Decision Making

10 min read

Decision Making Under Uncertainty

The Problem With Deciding Too Early

Architecture decisions are made at the worst possible time. At the start of a project — when the key decisions feel most urgent — the team has the least information. The domain isn’t fully understood, the usage patterns are hypothetical, the team hasn’t discovered the pain points yet. And yet this is precisely when decisions are made that will shape the system for years.

The instinct to resolve uncertainty by deciding is understandable. Ambiguity is uncomfortable. Stakeholders want a plan. Developers want to start building. So decisions get made, foundations get laid, and the system starts to accumulate the consequences of choices made before the information needed to make them well was available.

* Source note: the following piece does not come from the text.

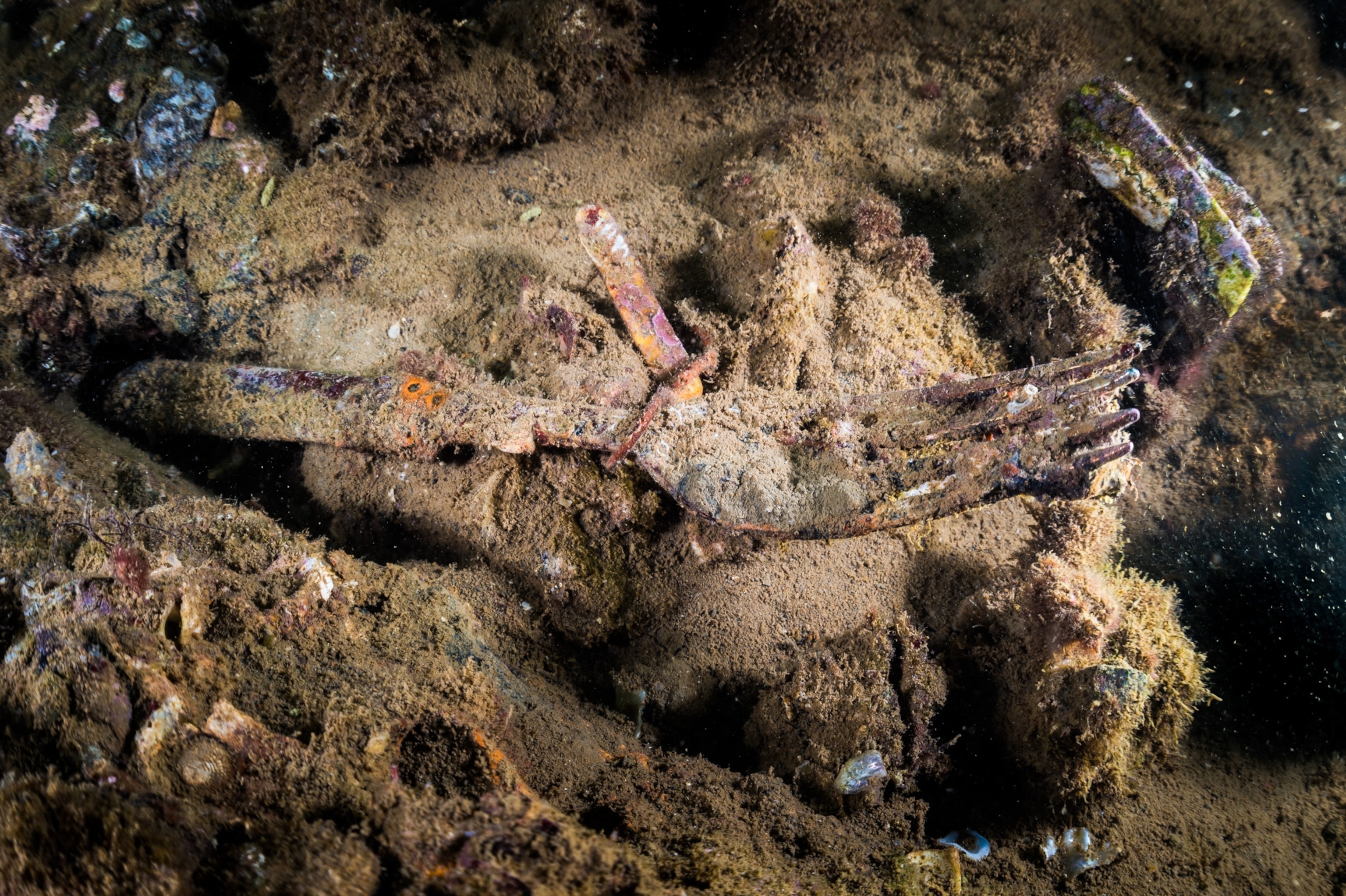 rusted fork underwater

The alternative is not to avoid decisions — that’s paralysis. It’s to understand which decisions need to be made now, which can and should be deferred, and what it costs to get each category wrong.

Type 1 and Type 2 Decisions

Jeff Bezos articulated a distinction at Amazon that is directly applicable to architecture. He described two types of decisions:

Type 1 decisions are irreversible or nearly so. They are one-way doors — once you walk through, going back is expensive, disruptive, or effectively impossible. Choosing a cloud provider that your entire infrastructure will depend on. Adopting an event sourcing architecture for your core domain. Designing a public API contract that external systems will depend on. Selecting a database technology that will underpin a system at scale. Getting these wrong is costly because the correction requires dismantling and rebuilding something fundamental.

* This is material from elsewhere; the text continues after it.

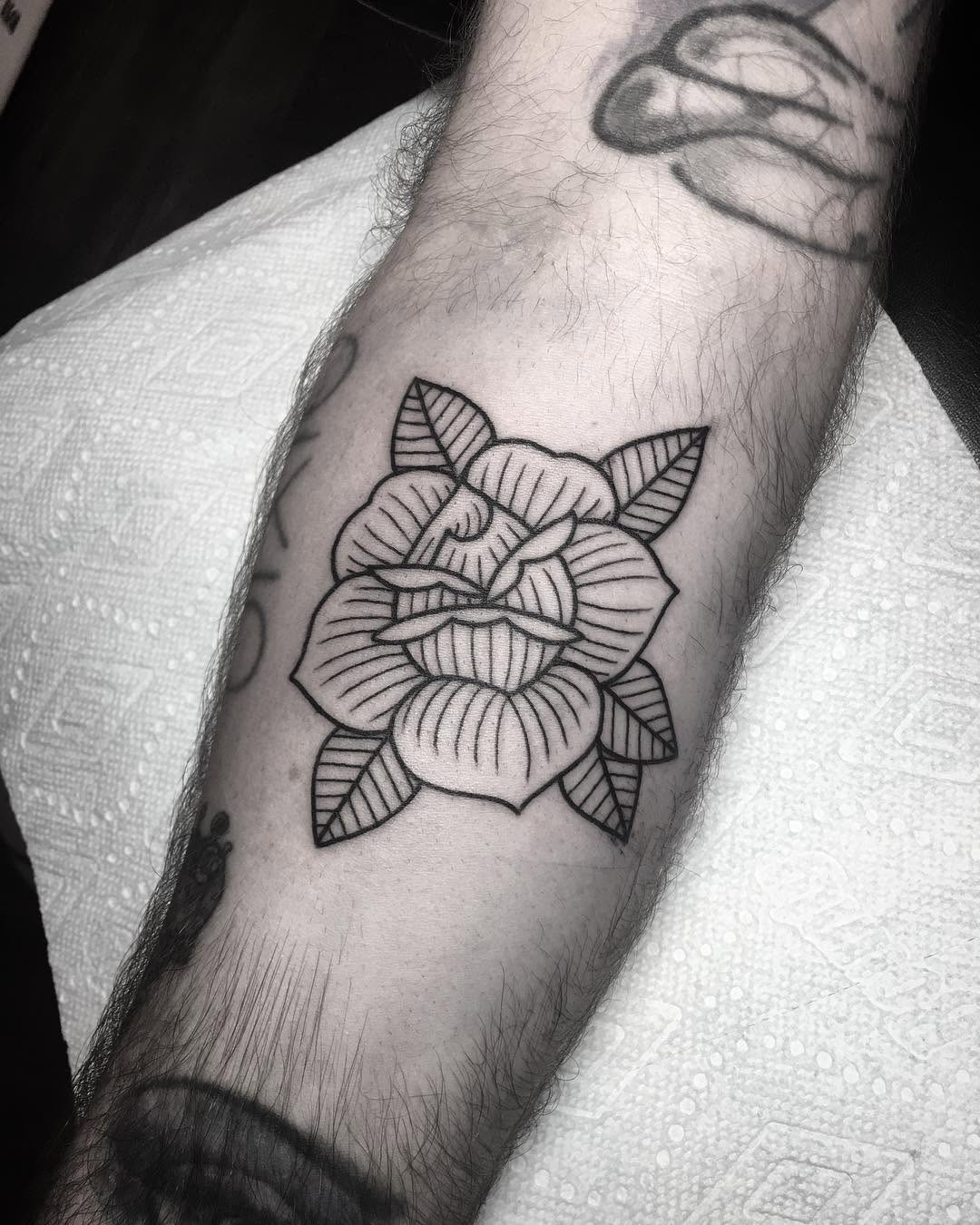 Flower, Rose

Type 2 decisions are reversible. They are two-way doors — you can walk through, look around, and come back if it turns out to be wrong. The name of an internal class. The structure of a private API. The choice between two libraries that are equally well-encapsulated behind an interface. Whether to extract a service now or keep it in the monolith for another quarter. Getting these wrong is cheap because the correction is straightforward.

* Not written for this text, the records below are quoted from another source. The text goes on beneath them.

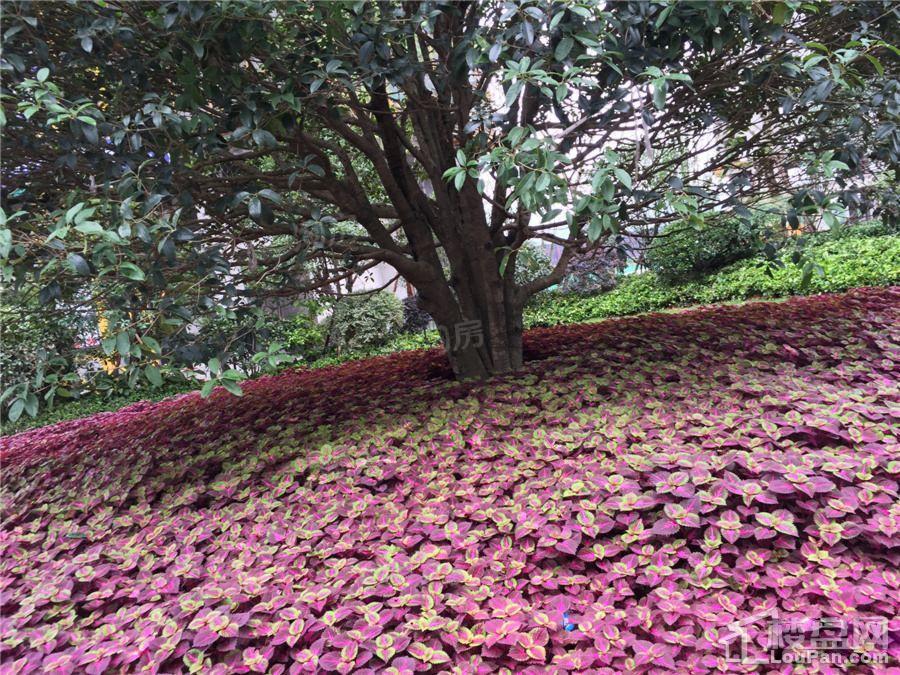 德信·海派公馆实景图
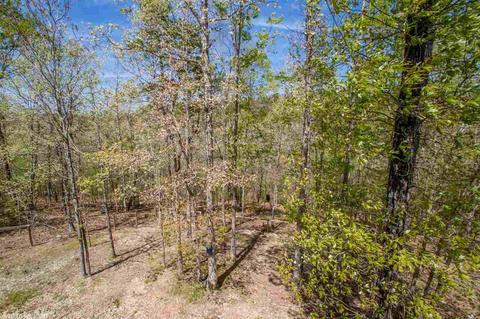 19200 Springway Dr, Alexander, AR 72002 photo 39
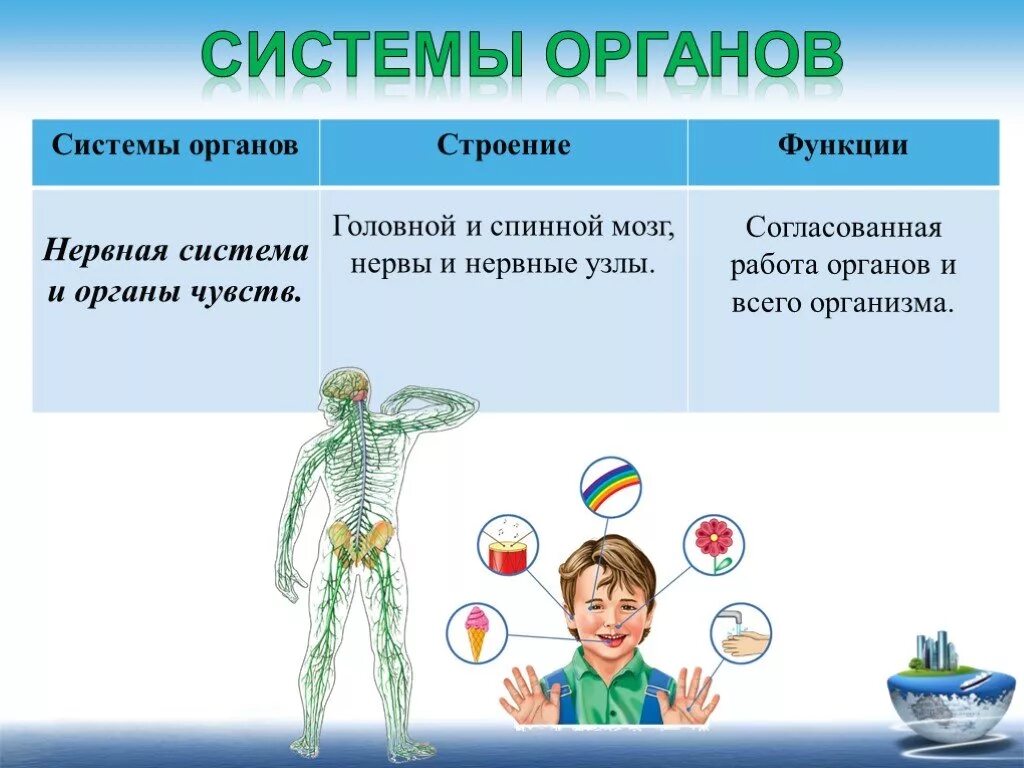 Органы нервной системы и их функции. Система органов чувств функции. Нервная система и органы чувств. Нервная система органов органы и функции.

Bezos’s observation was that large organisations tend to treat Type 2 decisions with the same caution as Type 1 decisions — running them through heavyweight processes, building consensus, deferring to committees — which makes them slow without making them better. The process appropriate for a one-way door is wrong for a two-way door.

The same failure mode appears in software teams. Lengthy architectural debates about things that could be changed cheaply next month. Premature commitment to patterns that haven’t been validated. Treating everything as irreversible because the distinction hasn’t been drawn. The cost is speed without the benefit of correctness.

The Real Cost of Irreversibility

Type 1 decisions deserve the caution they receive, but it’s worth being precise about what makes a decision irreversible in software.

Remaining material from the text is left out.